DATASET EXTRACT
----------

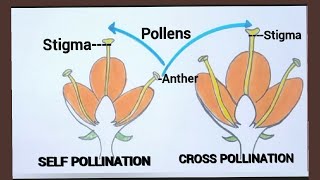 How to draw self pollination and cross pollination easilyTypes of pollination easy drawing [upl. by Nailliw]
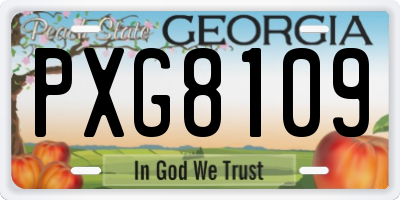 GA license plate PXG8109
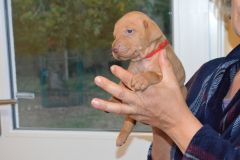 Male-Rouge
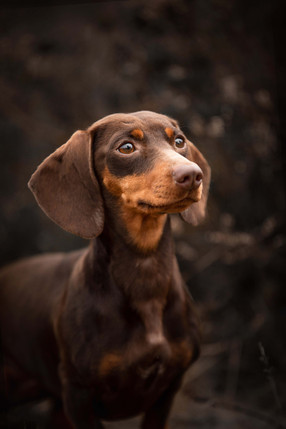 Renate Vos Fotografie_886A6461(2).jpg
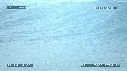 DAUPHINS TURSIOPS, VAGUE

----------

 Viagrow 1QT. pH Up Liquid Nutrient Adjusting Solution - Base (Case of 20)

----------

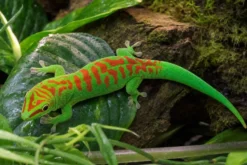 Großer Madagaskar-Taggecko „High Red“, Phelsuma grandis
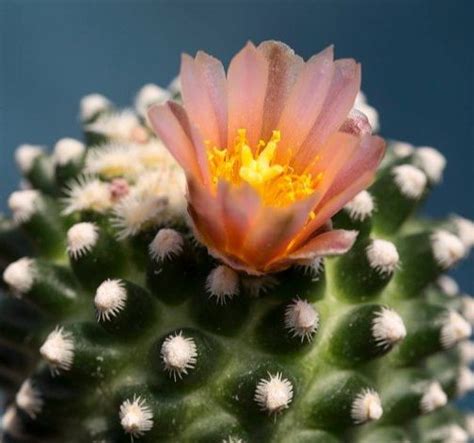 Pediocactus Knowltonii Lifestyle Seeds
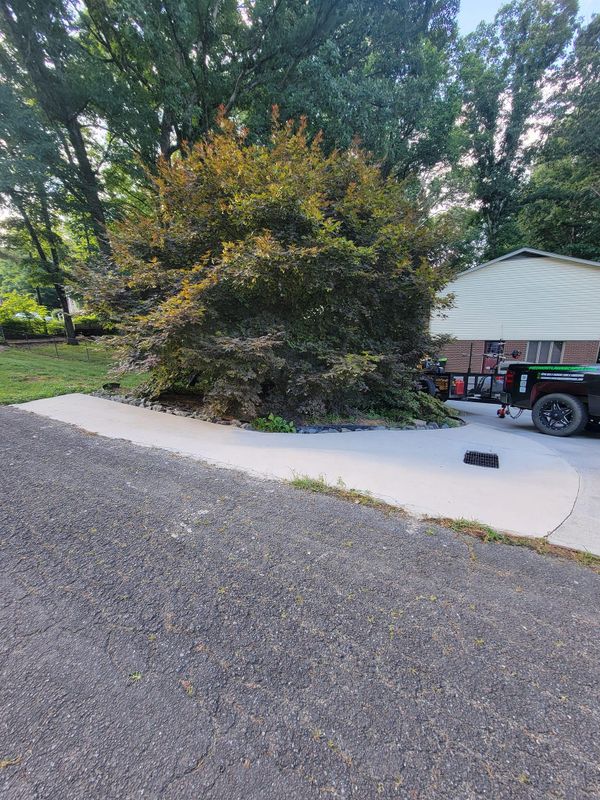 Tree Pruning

----------

EXERCISE AIM
Leave the pictures out, and transcribe exactly the lines above starting at the one that contains "Großer Madagaskar-Taggecko „High" and ending at the one that contains "Tree Pruning".

RESPONSE TO THIS EXERCISE
 Großer Madagaskar-Taggecko „High Red“, Phelsuma grandis
 Pediocactus Knowltonii Lifestyle Seeds
 Tree Pruning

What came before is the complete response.